- Born: July 13, 1812
- Died: 1890 (aged 77–78)
- Occupation: Abolitionist

= Anne Warren Weston =

American abolitionist

Anne Warren Weston (July 13, 1812 - 1890) was an American abolitionist. She is largely memorialized by the letters she wrote to the Boston Female Anti-Slavery Society, and others.

==Biography==

===Early life===
Anne Warren Weston was born in Weymouth, Massachusetts on July 13, 1812.

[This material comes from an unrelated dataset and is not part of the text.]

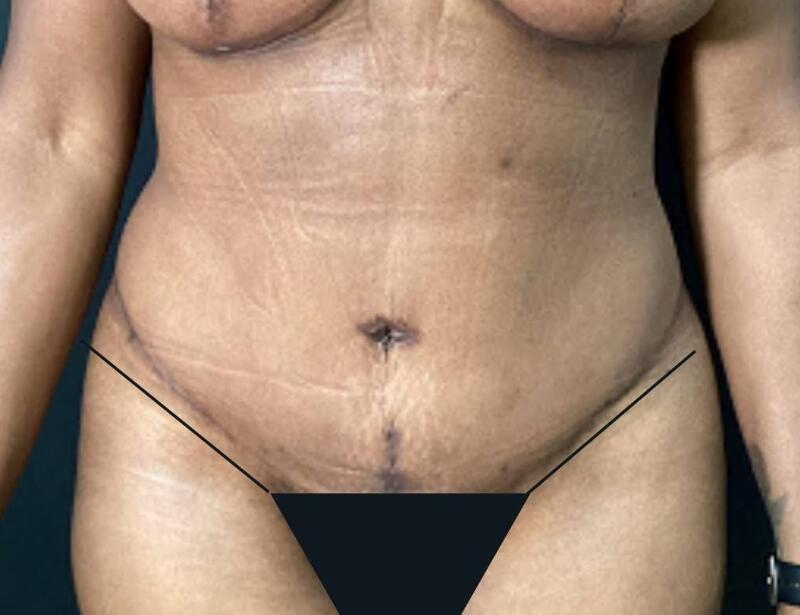 Tummy Tuck Before & After Image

===Expanded description===
Weston wrote letters to the Boston Female Anti-Slavery Society, detailing the expectations and persecution of abolitionism. She gave a circular to the Abolitionists of Massachusetts.

===Death and afterward===
Weston died in 1890.

==Philosophical and political views==
In her Circular to Abolitionists of Massachusetts, Weston lays out a set of guidelines for the Anti-Slavery Society to carry forth their goals, including having men and women sign separate documents and sending all signed memorials to the legislature. She cites the Preamble to the United States Constitution as evidence that the legislation of Massachusetts is hypocritical in their refusal to provide life, liberty, and the pursuit of happiness to a portion of the population.

==Bibliography==
1. "Anne Warren Weston." Women in Peace.
2. Weston, Anne Warren. Letter from Anne Warren Weston to Boston Female Anti-Slavery Society.
3. Weston, Anne Warren. Circular to Abolitionists of Massachusetts.